Un doble terremoto sacude Venezuela: la mayor tragedia sísmica en décadas deja al país en emergencia

Un doble terremoto sacude Venezuela: la mayor tragedia sísmica en décadas deja al país en emergencia

Apenas pasadas las seis de la tarde del miércoles (hora local), Venezuela vivió uno de los peores momentos de su historia reciente. Dos terremotos de gran magnitud, separados por apenas 39 o 40 segundos, golpearon con fuerza el centro-norte del país, dejando un saldo provisional de al menos 164 muertos, más de mil heridos y miles de desaparecidos bajo los escombros.
El pánico se apoderó de las calles de Caracas y otras ciudades mientras los edificios se tambaleaban y colapsaban.

Según datos del Servicio Geológico de Estados Unidos (USGS), se trató de un raro “doublet” sísmico: un sismo de magnitud 7.2 seguido casi inmediatamente por otro de 7.5. Los epicentros se localizaron cerca de Yumare, en el estado Yaracuy, y Morón, en Carabobo, a profundidades relativamente someras que amplificaron la destrucción en la superficie. La intensidad alcanzó niveles alarmantes en zonas pobladas, con sacudidas fuertes que se sintieron incluso en Colombia y algunas islas del Caribe.

El primer movimiento, catalogado como foreshock, ya generó pánico generalizado. Pero el segundo, el mainshock de 7.5, fue el que provocó el mayor daño. En Caracas y especialmente en el estado La Guaira, decenas de edificios se derrumbaron por completo. Imágenes y videos que circulan muestran rescatistas trabajando contra el reloj entre montañas de escombros, mientras familias enteras claman por ayuda. 

La presidenta Delcy Rodríguez declaró el estado de emergencia y describió La Guaira como “una verdadera tragedia y zona de desastre”.

Este evento no es aislado en un país inherentemente sísmico. Venezuela se ubica en el límite entre las placas Sudamericana y del Caribe, donde fallas activas como la de Boconó han generado destrucción a lo largo de los siglos. Históricamente, el terremoto de 1812, con magnitud estimada entre 7.7 y 8.0, devastó Caracas y otras ciudades durante la guerra de independencia, causando decenas de miles de muertes. Más cerca en el tiempo, el sismo de 1967 en Caracas dejó alrededor de 300 fallecidos, y el de Cariaco en 1997 cobró 73 vidas.

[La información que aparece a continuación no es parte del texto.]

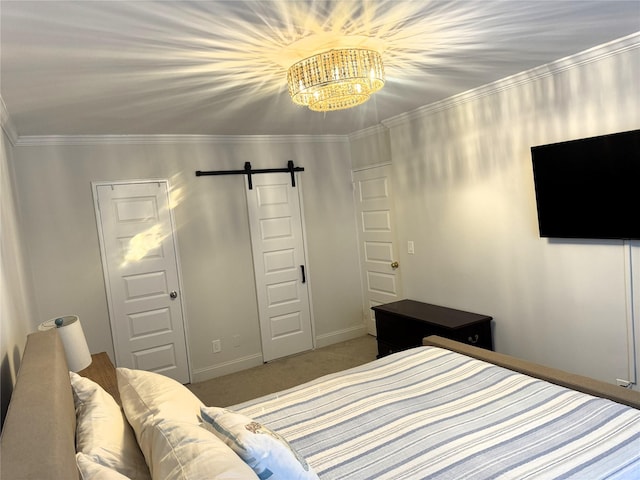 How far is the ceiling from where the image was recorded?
1766mm

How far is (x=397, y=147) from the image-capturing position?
434 cm

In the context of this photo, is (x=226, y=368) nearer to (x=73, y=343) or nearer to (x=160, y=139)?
(x=73, y=343)

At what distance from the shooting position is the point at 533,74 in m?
3.01

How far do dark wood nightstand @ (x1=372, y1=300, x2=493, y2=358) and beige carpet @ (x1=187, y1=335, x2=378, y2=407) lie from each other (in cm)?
57

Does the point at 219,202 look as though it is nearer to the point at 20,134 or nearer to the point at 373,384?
the point at 20,134

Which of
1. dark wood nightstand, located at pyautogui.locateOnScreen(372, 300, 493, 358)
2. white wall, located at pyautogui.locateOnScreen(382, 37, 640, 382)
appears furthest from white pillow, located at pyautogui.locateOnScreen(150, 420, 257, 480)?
white wall, located at pyautogui.locateOnScreen(382, 37, 640, 382)

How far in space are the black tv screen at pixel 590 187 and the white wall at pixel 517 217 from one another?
0.32 feet

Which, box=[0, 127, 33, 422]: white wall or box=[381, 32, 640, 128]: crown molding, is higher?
box=[381, 32, 640, 128]: crown molding

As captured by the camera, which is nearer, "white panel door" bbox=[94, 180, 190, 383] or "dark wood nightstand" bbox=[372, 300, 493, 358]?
"dark wood nightstand" bbox=[372, 300, 493, 358]

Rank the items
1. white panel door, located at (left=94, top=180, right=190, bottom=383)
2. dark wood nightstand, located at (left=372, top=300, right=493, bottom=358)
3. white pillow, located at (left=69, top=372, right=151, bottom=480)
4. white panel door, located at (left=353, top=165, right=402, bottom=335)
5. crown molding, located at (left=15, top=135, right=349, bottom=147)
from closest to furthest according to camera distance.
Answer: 1. white pillow, located at (left=69, top=372, right=151, bottom=480)
2. dark wood nightstand, located at (left=372, top=300, right=493, bottom=358)
3. crown molding, located at (left=15, top=135, right=349, bottom=147)
4. white panel door, located at (left=94, top=180, right=190, bottom=383)
5. white panel door, located at (left=353, top=165, right=402, bottom=335)

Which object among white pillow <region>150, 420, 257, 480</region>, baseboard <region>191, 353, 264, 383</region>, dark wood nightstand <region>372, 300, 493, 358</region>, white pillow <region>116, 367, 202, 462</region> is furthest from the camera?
baseboard <region>191, 353, 264, 383</region>

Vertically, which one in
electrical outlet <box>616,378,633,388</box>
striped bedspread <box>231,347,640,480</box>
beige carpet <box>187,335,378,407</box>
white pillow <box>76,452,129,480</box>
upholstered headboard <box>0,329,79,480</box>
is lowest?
beige carpet <box>187,335,378,407</box>

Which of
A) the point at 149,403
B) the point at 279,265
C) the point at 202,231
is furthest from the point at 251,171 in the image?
the point at 149,403

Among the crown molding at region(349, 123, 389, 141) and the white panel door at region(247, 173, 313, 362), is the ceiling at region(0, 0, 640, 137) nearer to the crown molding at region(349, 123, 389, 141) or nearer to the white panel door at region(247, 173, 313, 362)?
the crown molding at region(349, 123, 389, 141) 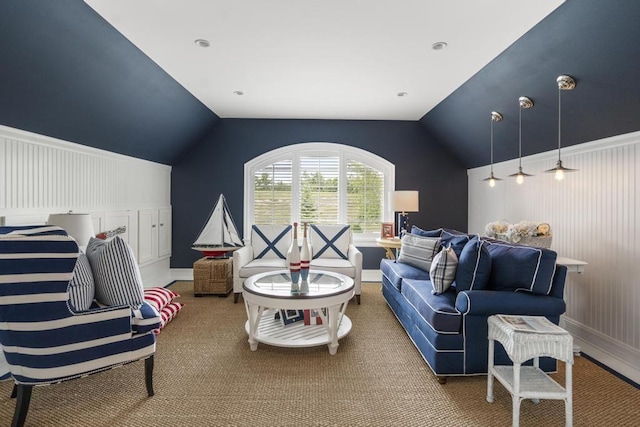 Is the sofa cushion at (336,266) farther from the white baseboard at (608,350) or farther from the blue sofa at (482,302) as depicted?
the white baseboard at (608,350)

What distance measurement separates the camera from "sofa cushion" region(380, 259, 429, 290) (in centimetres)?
341

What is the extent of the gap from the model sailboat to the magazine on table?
363cm

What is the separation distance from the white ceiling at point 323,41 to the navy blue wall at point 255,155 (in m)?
1.15

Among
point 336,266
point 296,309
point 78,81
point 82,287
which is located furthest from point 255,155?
point 82,287

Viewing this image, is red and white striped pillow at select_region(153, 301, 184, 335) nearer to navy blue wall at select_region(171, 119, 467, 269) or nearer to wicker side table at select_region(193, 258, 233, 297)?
wicker side table at select_region(193, 258, 233, 297)

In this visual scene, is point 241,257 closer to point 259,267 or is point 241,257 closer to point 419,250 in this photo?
point 259,267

Sin embargo, el doble terremoto del 24 de junio destaca por su rareza y potencia reciente. El USGS activó alertas rojas a través de su sistema PAGER, advirtiendo de altas probabilidades de víctimas mortales y daños extensos. Expertos estiman que el número de fallecidos podría aumentar considerablemente, con escenarios que llegan incluso a decenas de miles en el peor de los casos, debido a la densidad poblacional y la vulnerabilidad de muchas construcciones.

Las réplicas continúan sacudiendo la región. La Fundación Venezolana de Investigaciones Sismológicas (FUNVISIS) ha reportado múltiples eventos menores este jueves, como sismos de magnitud alrededor de 3 en zonas cercanas a Los Teques, Morón y Naiguata. Las autoridades insisten en que la población mantenga la calma, evite estructuras dañadas y esté preparada para nuevas sacudidas.

Más allá de las cifras inmediatas, la tragedia pone de manifiesto las debilidades acumuladas: años de crisis económica que han limitado el mantenimiento y la modernización antisísmica de edificios e infraestructuras. Aeropuertos, hospitales y viviendas populares se cuentan entre los afectados. 

Mientras los equipos de rescate trabajan sin descanso, la comunidad internacional sigue de cerca la evolución de la emergencia.Venezuela enfrenta ahora la fase más crítica: rescatar sobrevivientes, evaluar daños estructurales y comenzar una reconstrucción que, esta vez, deberá incorporar estándares más estrictos de prevención. 

En un territorio donde los terremotos forman parte de su realidad geológica, la memoria de este 24 de junio servirá como recordatorio urgente de la necesidad de estar siempre preparados.

Las cifras de víctimas y daños son preliminares y continúan actualizándose.